Pressiwa.com - Katanya, manusia itu tempatnya salah dan lupa. Benarkah? Lupa memang sesuatu yang manusiawi, tapi bagaimana dengan salah? Pada kenyataannya, banyak manusia yang melimpahkan kesalahannya kepada setan, sehingga kesalahan bukan merupakan sesuatu yang manusiawi, tapi setaniah. Ada orang meluapkan amarah dengan mengamuk, menghancurkan segala hal yang ada di sekitarnya sampai merobohkan tower BTS *wow!!* dan orang itu disebut ‘kesetanan’.

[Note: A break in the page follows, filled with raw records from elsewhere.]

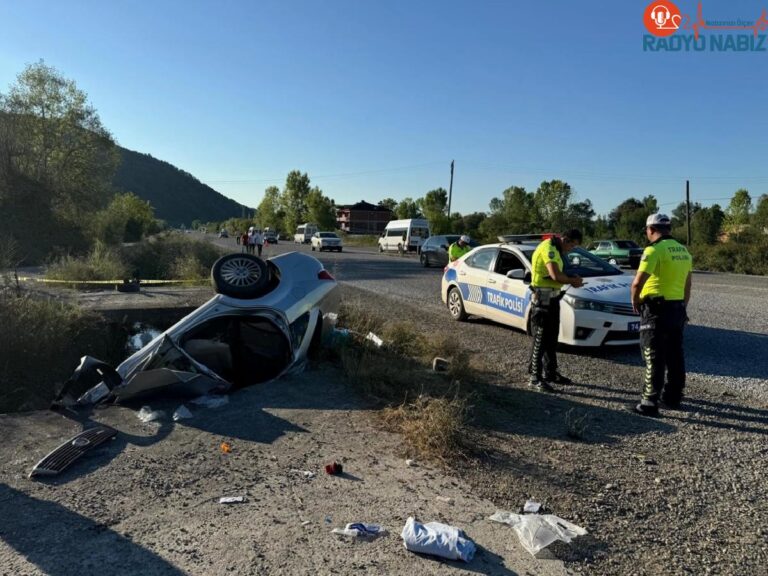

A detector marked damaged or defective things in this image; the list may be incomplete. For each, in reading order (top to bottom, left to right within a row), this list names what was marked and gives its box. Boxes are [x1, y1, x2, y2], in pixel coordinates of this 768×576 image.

overturned white car [55, 253, 338, 410]
damaged vehicle [54, 253, 340, 410] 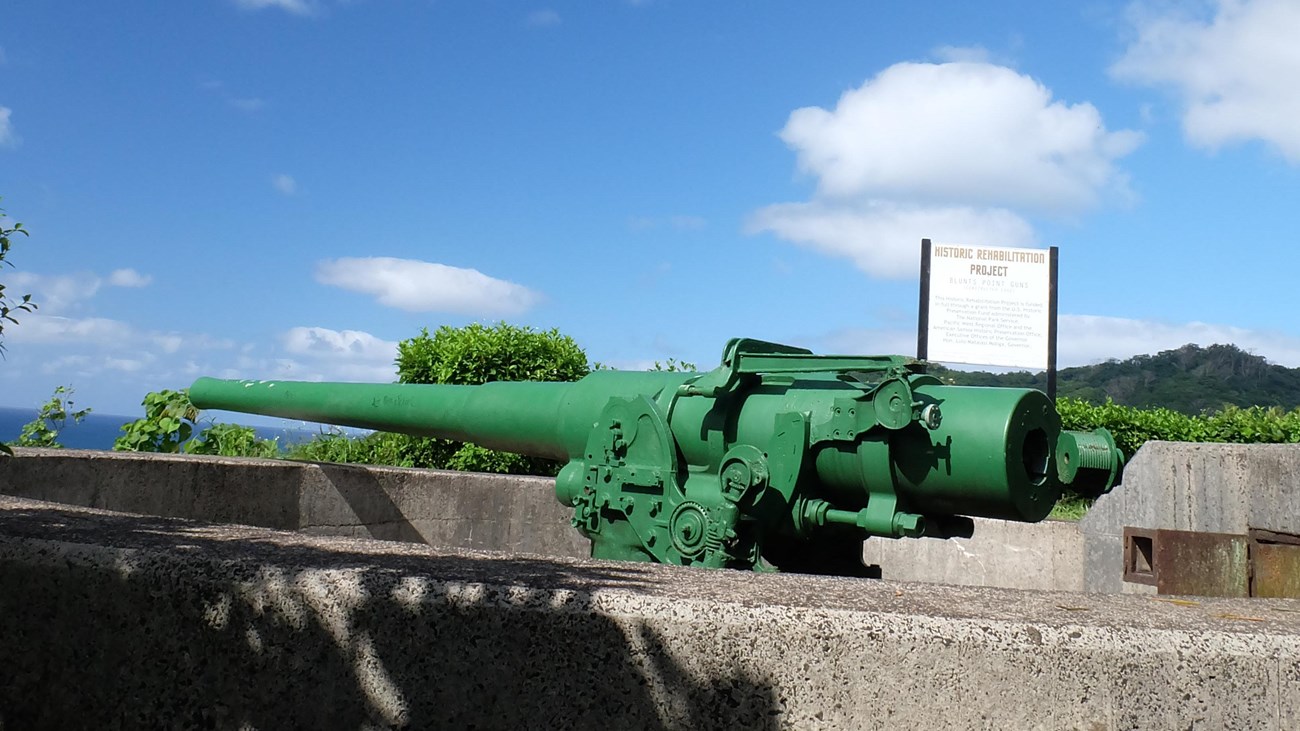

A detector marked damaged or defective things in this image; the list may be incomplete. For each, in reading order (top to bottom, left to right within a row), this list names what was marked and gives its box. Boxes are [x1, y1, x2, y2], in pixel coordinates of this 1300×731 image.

rusty metal plate [1159, 528, 1248, 598]
rusted metal hatch [1123, 522, 1294, 598]
rusty metal plate [1248, 541, 1300, 598] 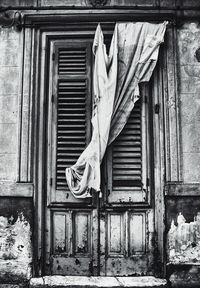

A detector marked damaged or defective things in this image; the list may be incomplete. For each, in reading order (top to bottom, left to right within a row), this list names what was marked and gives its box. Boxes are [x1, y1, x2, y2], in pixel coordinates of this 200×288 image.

peeling paint [0, 213, 31, 280]
peeling paint [167, 212, 200, 264] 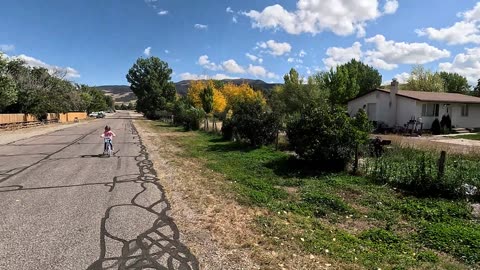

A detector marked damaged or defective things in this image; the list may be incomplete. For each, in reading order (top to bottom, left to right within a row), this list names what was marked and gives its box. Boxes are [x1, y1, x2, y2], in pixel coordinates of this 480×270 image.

cracked asphalt road [0, 110, 198, 268] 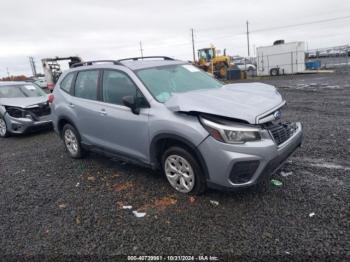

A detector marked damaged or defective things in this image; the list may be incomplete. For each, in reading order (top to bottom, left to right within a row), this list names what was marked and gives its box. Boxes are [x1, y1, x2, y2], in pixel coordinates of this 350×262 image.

crumpled hood [165, 82, 284, 124]
cracked headlight [201, 116, 262, 143] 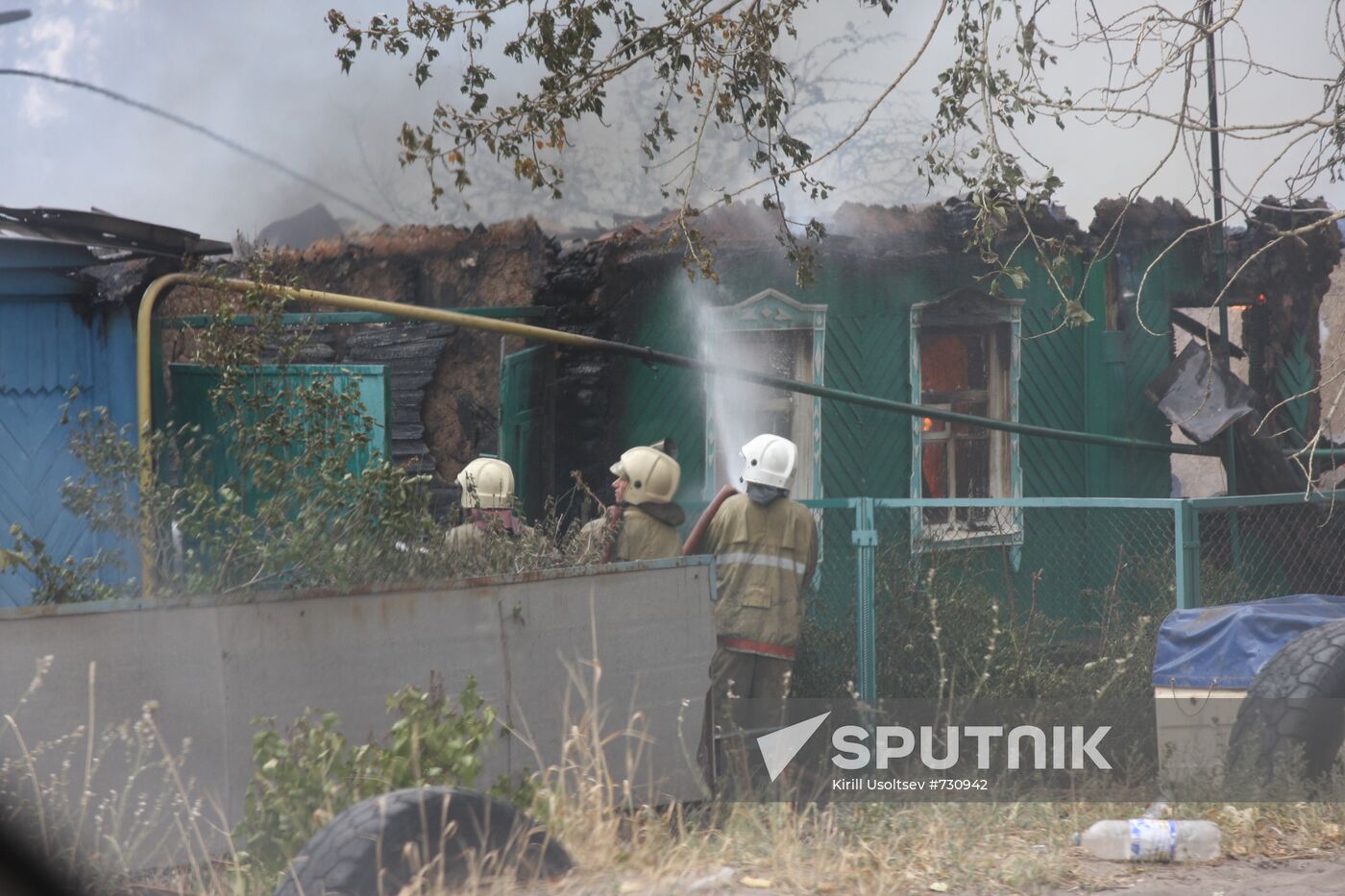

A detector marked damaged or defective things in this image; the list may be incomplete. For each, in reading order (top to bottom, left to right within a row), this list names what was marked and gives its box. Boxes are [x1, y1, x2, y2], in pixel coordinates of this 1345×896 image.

window with broken glass [915, 289, 1016, 548] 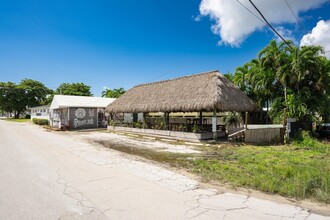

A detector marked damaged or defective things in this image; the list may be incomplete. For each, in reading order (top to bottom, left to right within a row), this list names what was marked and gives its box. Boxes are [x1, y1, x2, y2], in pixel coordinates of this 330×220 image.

cracked asphalt road [0, 121, 328, 219] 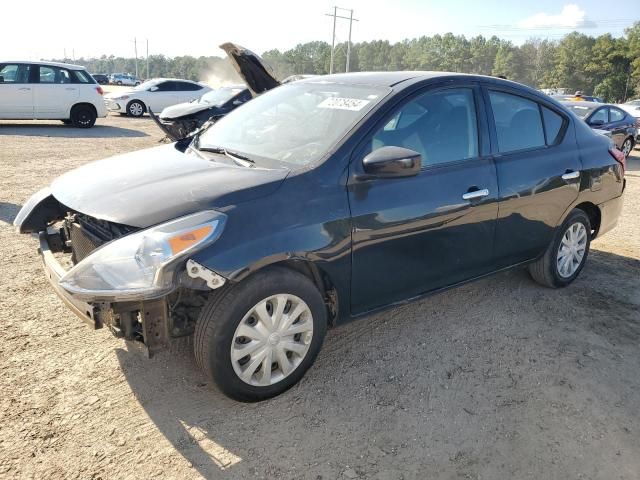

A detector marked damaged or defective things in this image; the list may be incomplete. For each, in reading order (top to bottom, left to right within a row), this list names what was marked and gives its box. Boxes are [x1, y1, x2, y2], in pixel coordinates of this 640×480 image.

broken headlight [58, 210, 228, 300]
damaged dark sedan [13, 72, 624, 402] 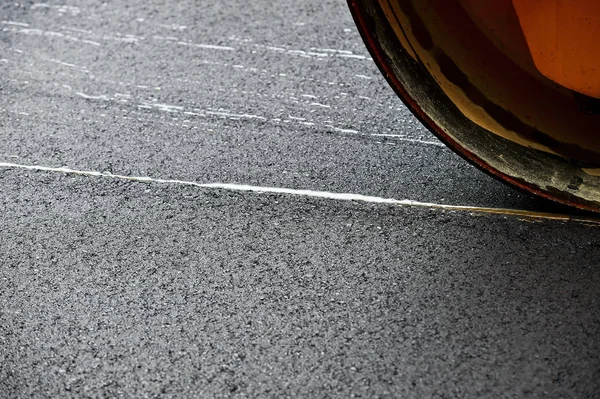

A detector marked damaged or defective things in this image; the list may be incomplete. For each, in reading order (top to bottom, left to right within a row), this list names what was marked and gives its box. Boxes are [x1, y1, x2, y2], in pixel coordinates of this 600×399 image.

rusted metal drum edge [346, 0, 600, 212] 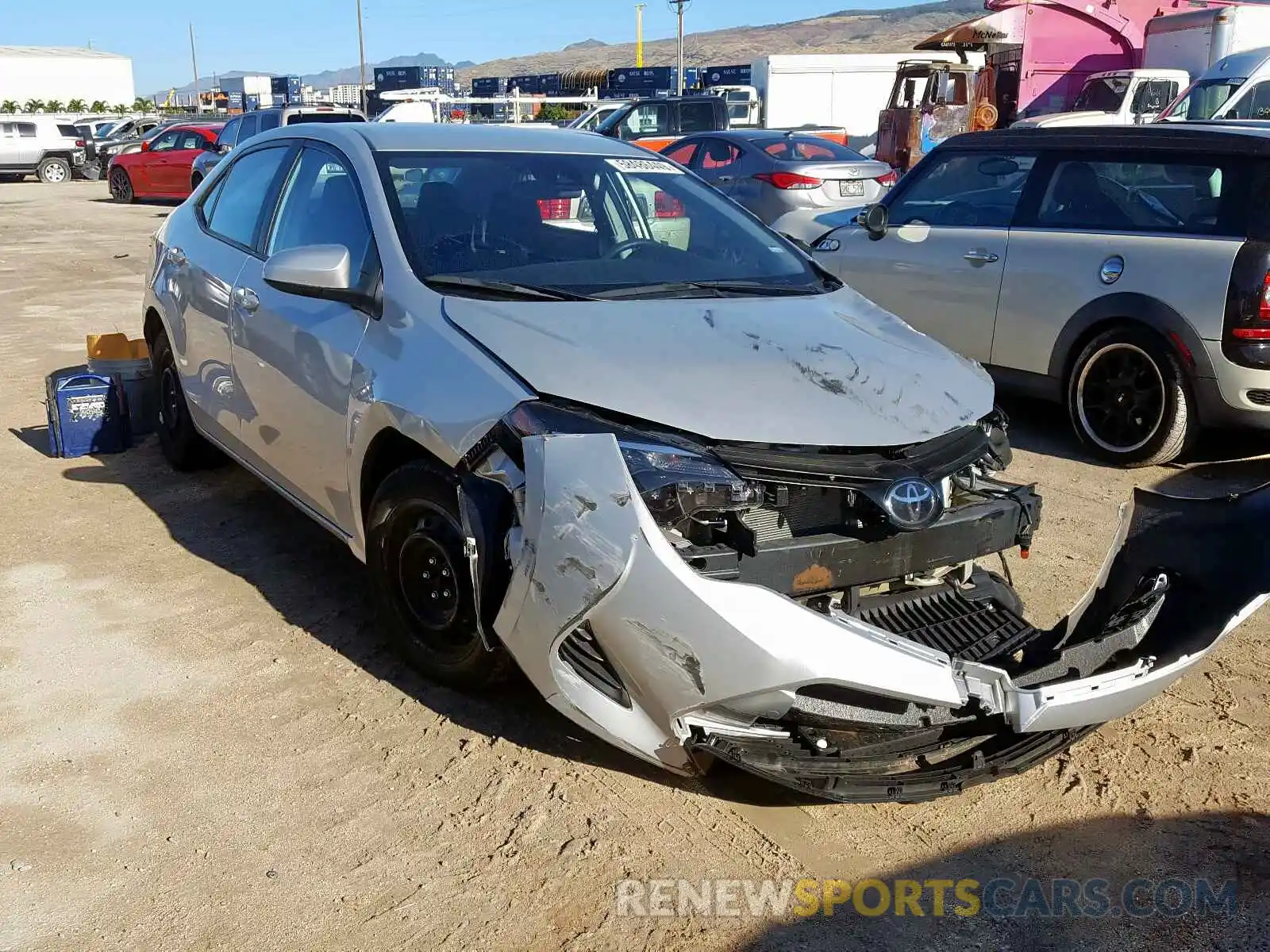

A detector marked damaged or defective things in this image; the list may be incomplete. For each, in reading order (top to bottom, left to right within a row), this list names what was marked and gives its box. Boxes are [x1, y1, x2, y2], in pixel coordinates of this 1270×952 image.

damaged sedan [141, 121, 1270, 807]
crushed hood [441, 286, 995, 447]
detached front bumper [490, 436, 1264, 802]
crumpled front fender [495, 436, 1270, 777] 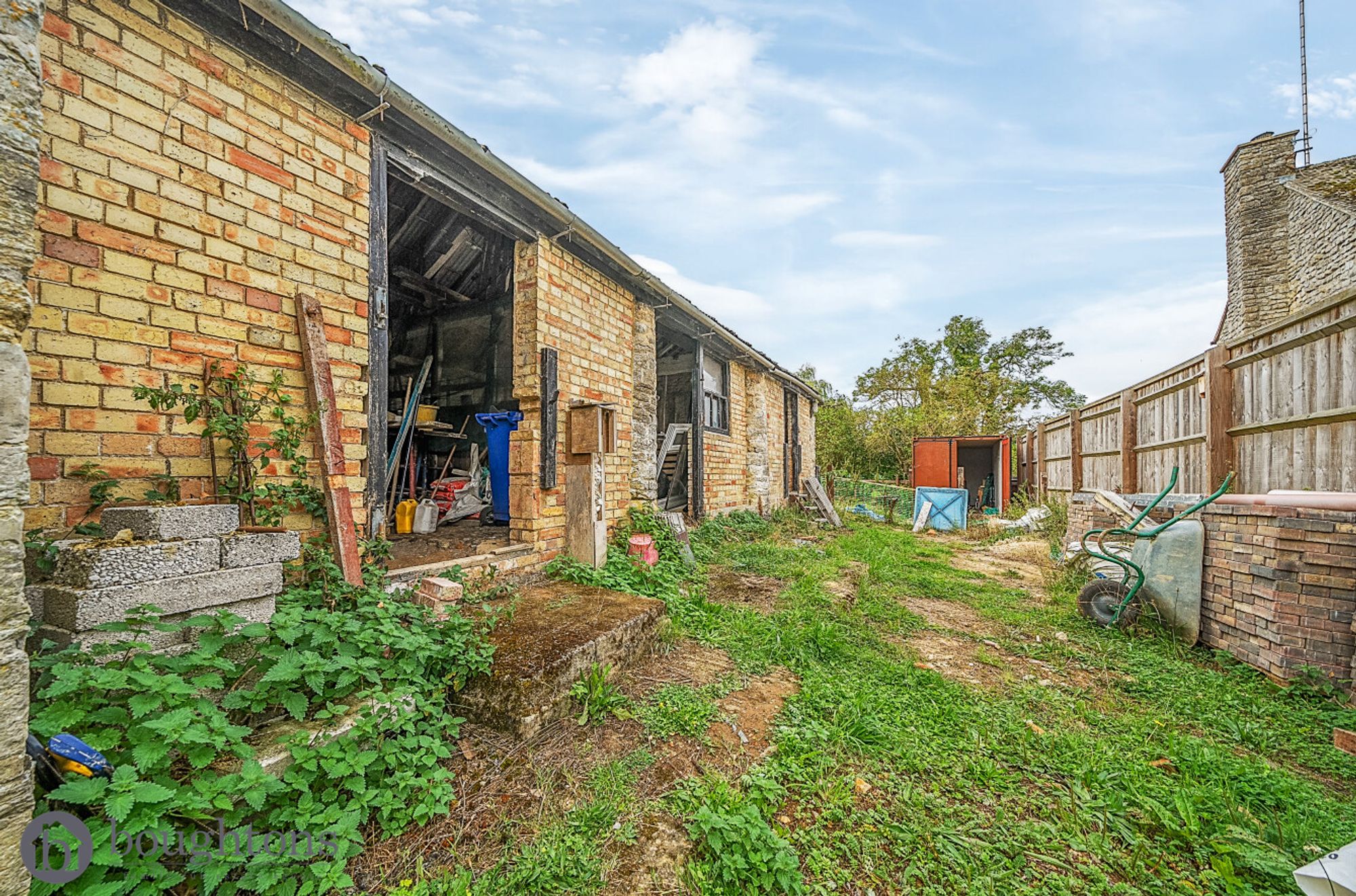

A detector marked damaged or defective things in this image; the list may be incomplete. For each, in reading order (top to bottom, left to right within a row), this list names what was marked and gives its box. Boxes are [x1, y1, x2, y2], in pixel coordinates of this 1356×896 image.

broken gutter [237, 0, 814, 399] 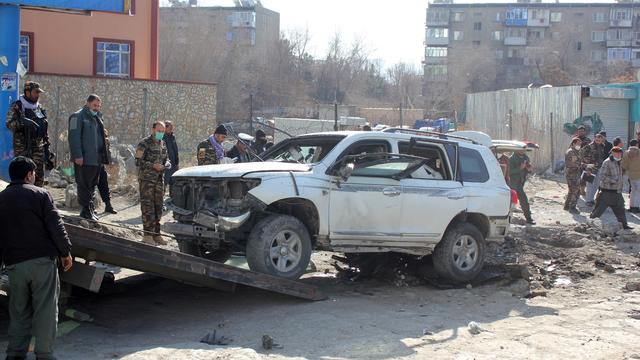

Ada seorang pelaku perkosaan tercyduk, begitu ditanya kenapa dia memperkosa, jawabannya “Saya terbujuk oleh rayuan setan”. Ada seorang perempuan yang tadinya berhijab, kemudian dia melepas hijabnya, dan orang-orang menghakiminya dengan mengatakan “Kamu telah terkena hasutan setan!”. Pokoknya semua yang dianggap salah adalah perbuatan setan, yang buruk-buruk diklaim sebagai setan.
Di dalam ajaran beberapa agama dan menurut orang-orang yang mempercayainya, setan adalah musuh manusia, penentang Tuhan. Dulu, ketika saya masih kecil dan mendengar kisah Adam dan Hawa, saya bertanya dalam hati, “Kenapa Tuhan membiarkan setan membujuk Hawa? Waktu setan menyelinap ke surga, Tuhan sedang apa?”, itu pertanyaan seorang anak yang membayangkan setan dalam wujud seperti manusia, hanya saja dilengkapi fitur ekor, sepasang gading dan tanduk.
Ya namanya juga anak-anak, perlu sesuatu yang konkret dalam hal pemahaman, jadi tidak apa-apa kan, kalau seorang anak membayangkan wujud setan sebagai seonggok daging atau sekepul asap? Seiring bertambahnya usia, anak itu (mungkin anak-anak lain juga) mulai mengubah pandangannya tentang setan, atau lebih tepatnya pikirannya terpengaruh oleh lingkungan yang mengatakan bahwa setan adalah sifat buruk yang melekat pada diri manusia. Benarkah? Kalau memang iya, lalu kenapa ketika manusia lalai atau melakukan hal buruk, mereka masih menyalahkan setan? Malas sembahyang, alasannya “Setannya masih nempel”, mencuri uang teman se-kost-an, alasannya “Terbujuk rayuan setan”.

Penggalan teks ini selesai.